Exercise
With all images left out, restate the records below exactly as written.

[Captioned web image data]
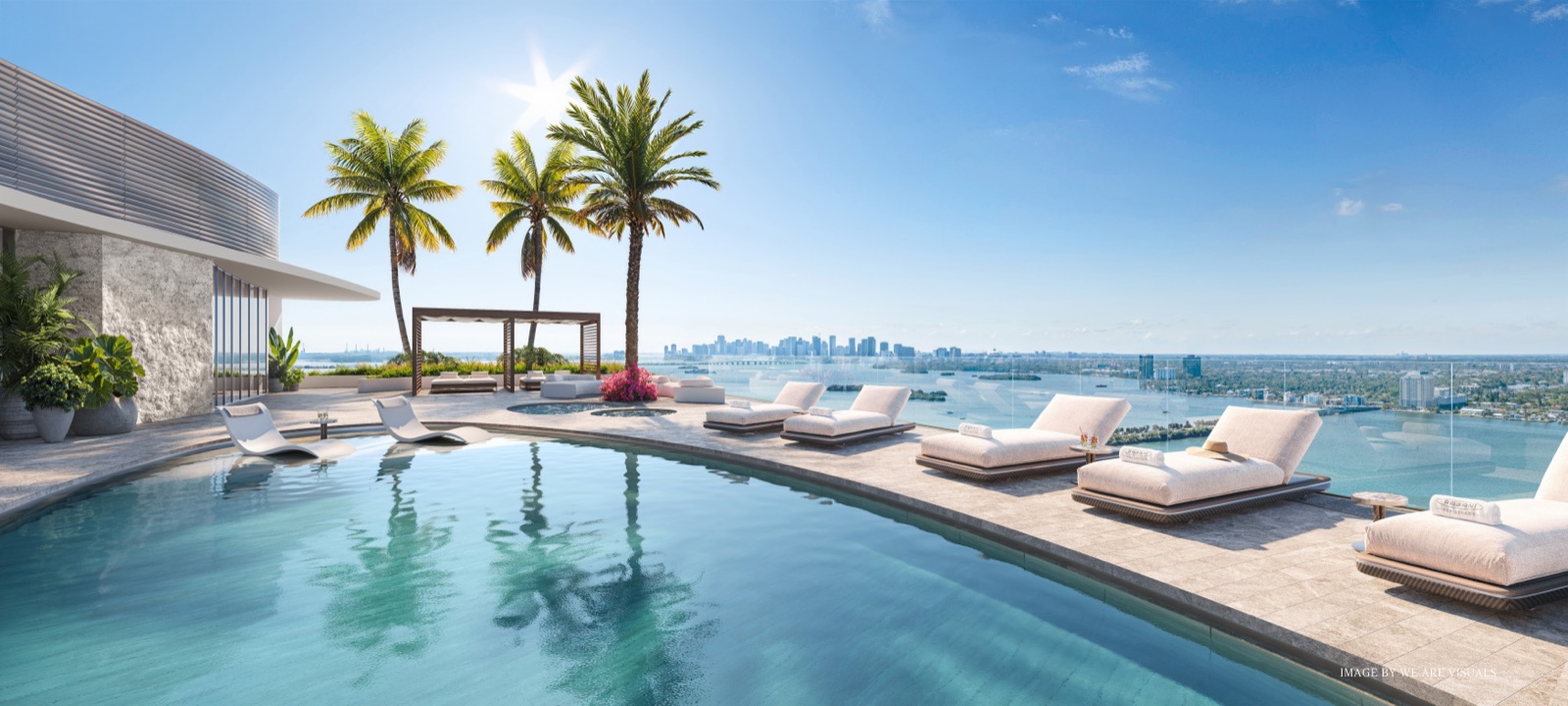 Pagani Residences rooftop pool — 360-degree panoramic views, cabanas, hot tub, cold plunge.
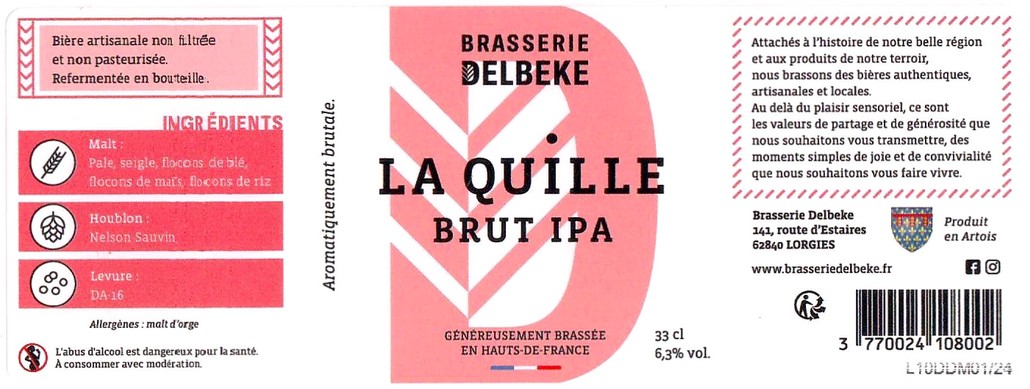 Etiquette BRASSERIE DELBEKE 12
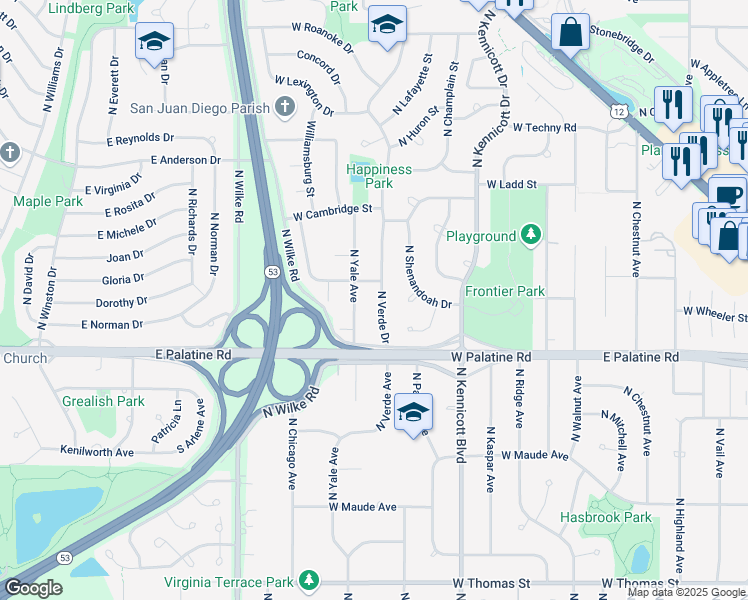 map of restaurants, bars, coffee shops, grocery stores, and more near 2002 West Richmond Street in Arlington Heights
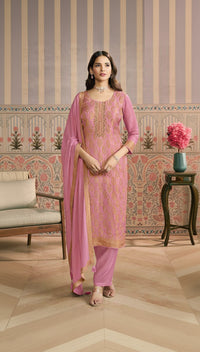 Peach Color Viscose Jacquard Fabric Woven Designer Partywear Salwar Kameez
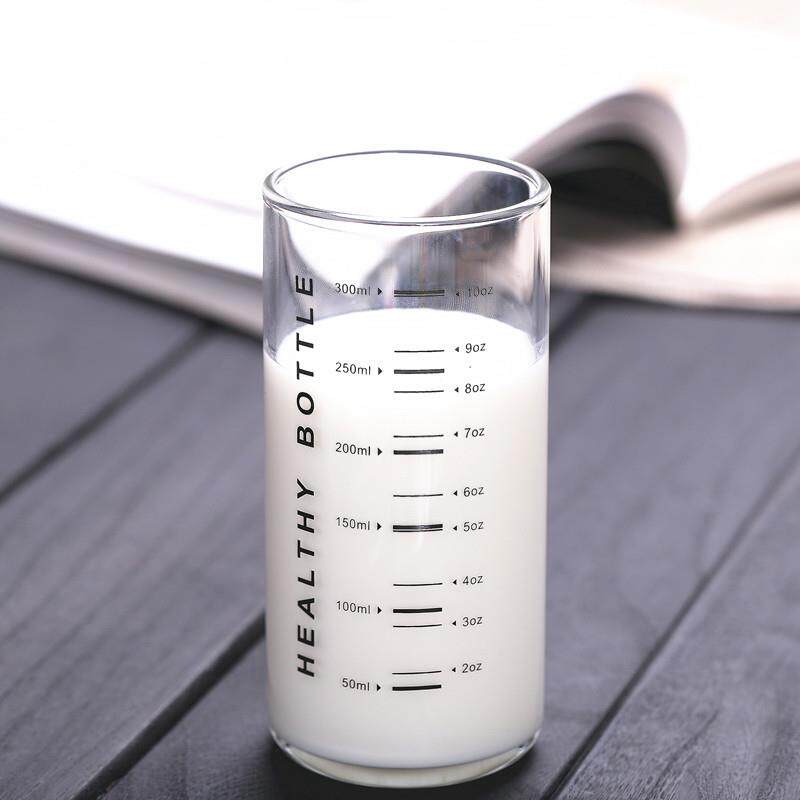 儿童耐热高硼硅玻璃刻度水杯酸牛奶量杯吸管果汁杯子大容量耐高温
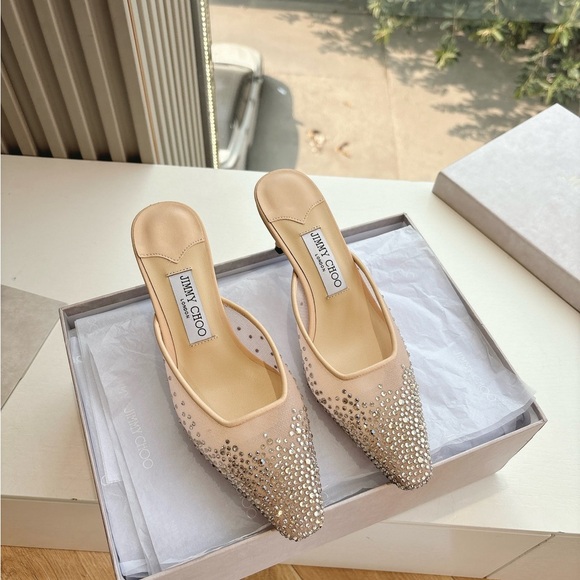 Jimmy Choo Shoes - Jimmy Choo Nude Crystal-Embellished Pointed Mule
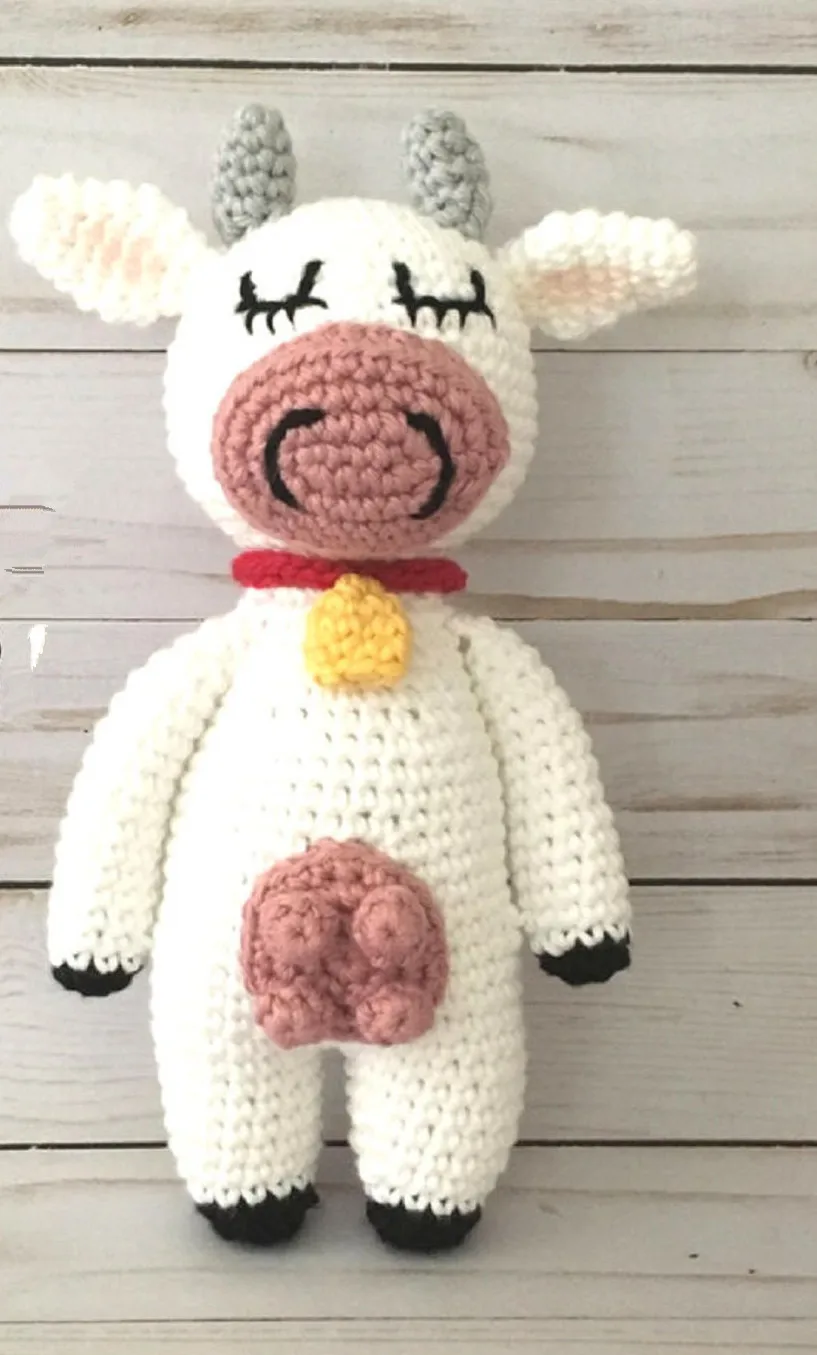 Крючком игрушки amigurumi погремушка ручной работы кукла корова Номер модели YJS0015
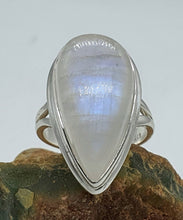 Load image into Gallery viewer, Rainbow Moonstone Ring, Size 7, Sterling Silver, Pear Shape, Natural Gem - GemzAustralia 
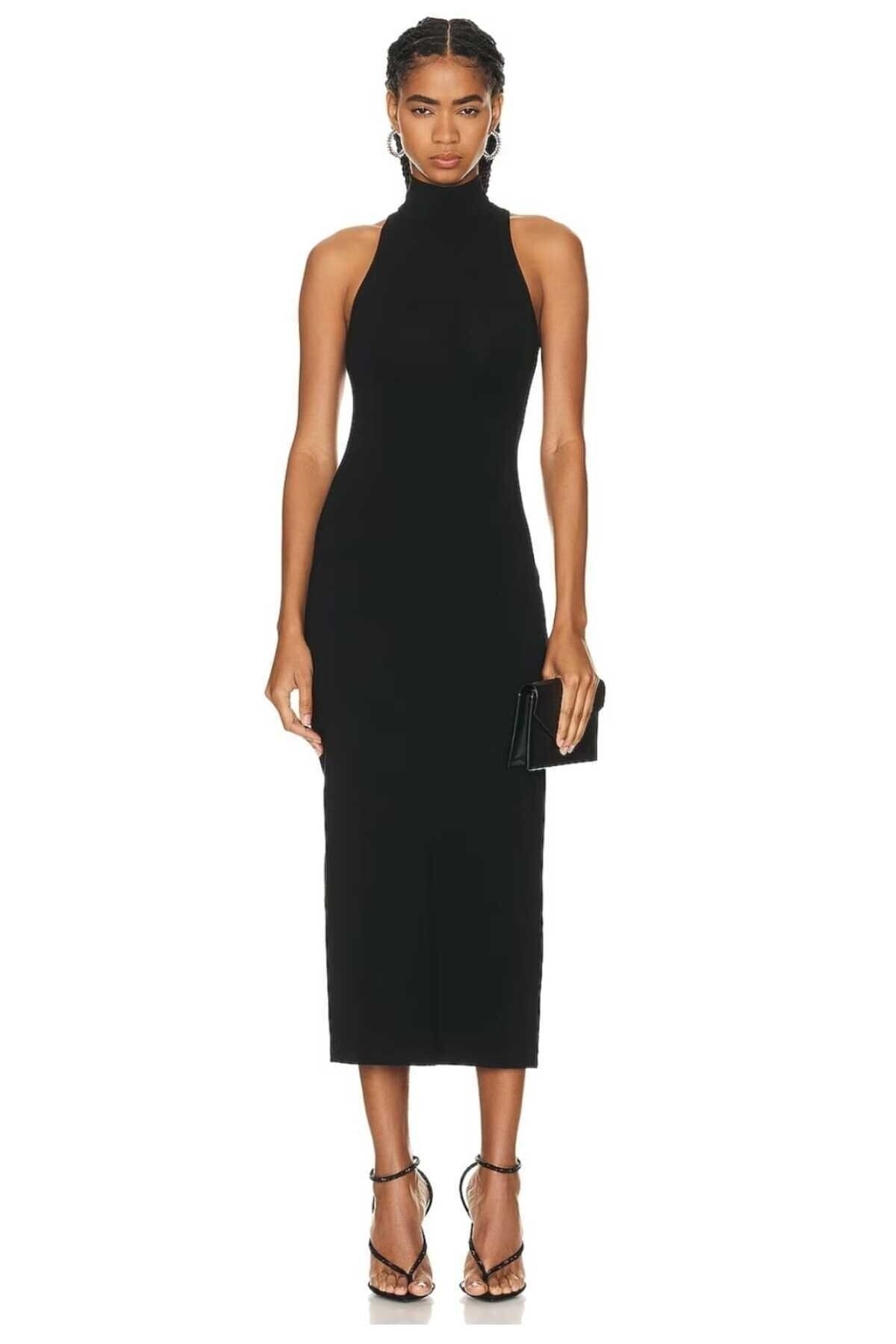 Midi Silk Jersey Mock Neck Evening Dress - Black - Zagrep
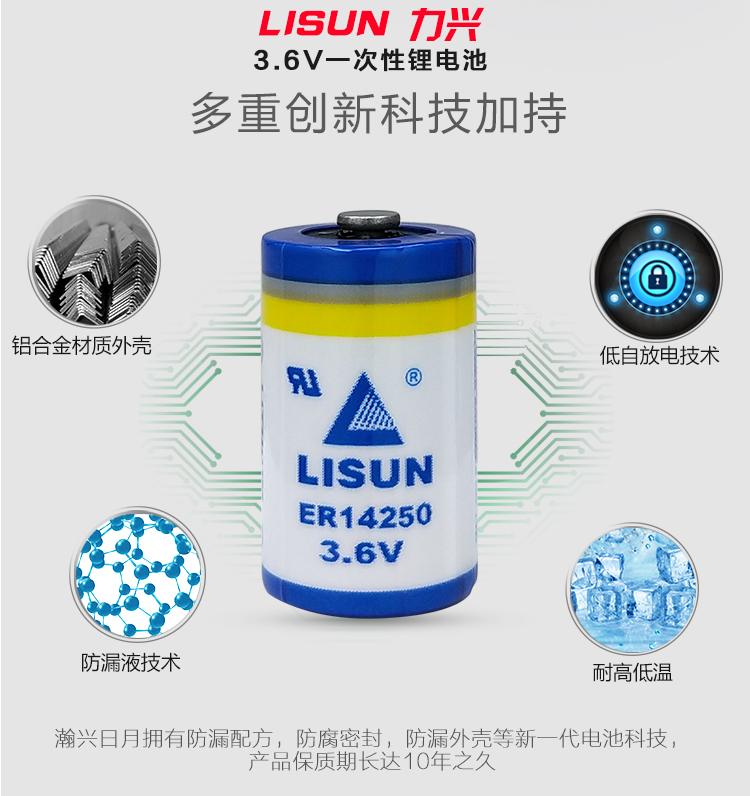 LISUN/力兴锂电池 ER14250 3.6V KTS 台达编程器 物联网PLC 1/2AA - 图2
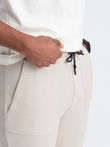 Pantaloni de trening bărbătești din tricot structurat - bej deschis V1 OM-PASK-0211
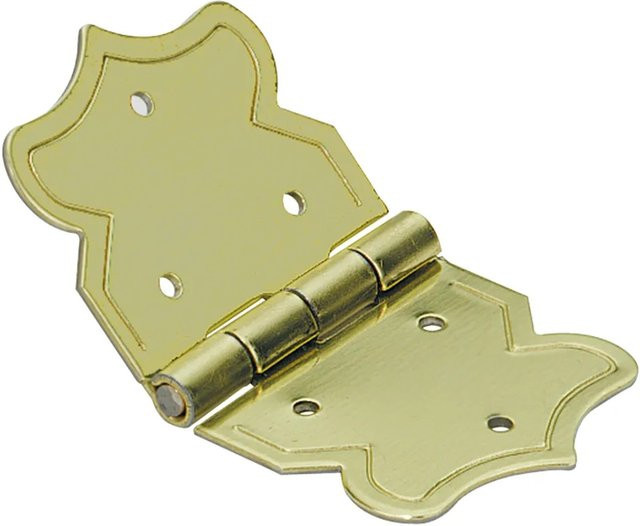 Hettich Schatullen-Scharnier aus Stahl in Messing-Optik, 2er-Set, B: 37 mm, H: 20 mm, T: 20 mm - Bild 1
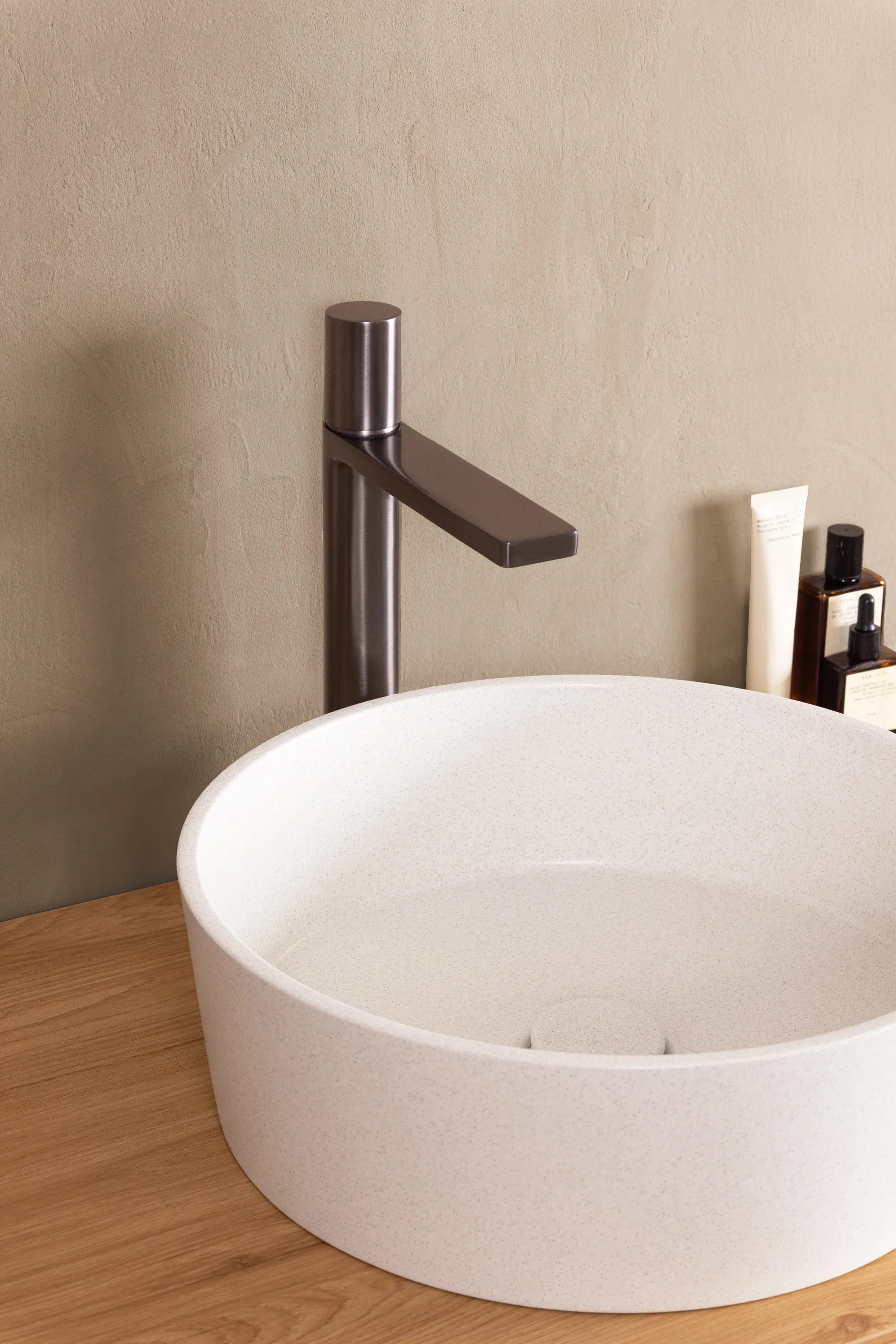 vasque à poser beige ronde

Response for this exercise
 Pagani Residences rooftop pool — 360-degree panoramic views, cabanas, hot tub, cold plunge.
 Etiquette BRASSERIE DELBEKE 12
 map of restaurants, bars, coffee shops, grocery stores, and more near 2002 West Richmond Street in Arlington Heights
 Peach Color Viscose Jacquard Fabric Woven Designer Partywear Salwar Kameez
 儿童耐热高硼硅玻璃刻度水杯酸牛奶量杯吸管果汁杯子大容量耐高温
 Jimmy Choo Shoes - Jimmy Choo Nude Crystal-Embellished Pointed Mule
 Крючком игрушки amigurumi погремушка ручной работы кукла корова Номер модели YJS0015
 Load image into Gallery viewer, Rainbow Moonstone Ring, Size 7, Sterling Silver, Pear Shape, Natural Gem - GemzAustralia 
 Midi Silk Jersey Mock Neck Evening Dress - Black - Zagrep
 LISUN/力兴锂电池 ER14250 3.6V KTS 台达编程器 物联网PLC 1/2AA - 图2
 Pantaloni de trening bărbătești din tricot structurat - bej deschis V1 OM-PASK-0211
 Hettich Schatullen-Scharnier aus Stahl in Messing-Optik, 2er-Set, B: 37 mm, H: 20 mm, T: 20 mm - Bild 1
 vasque à poser beige ronde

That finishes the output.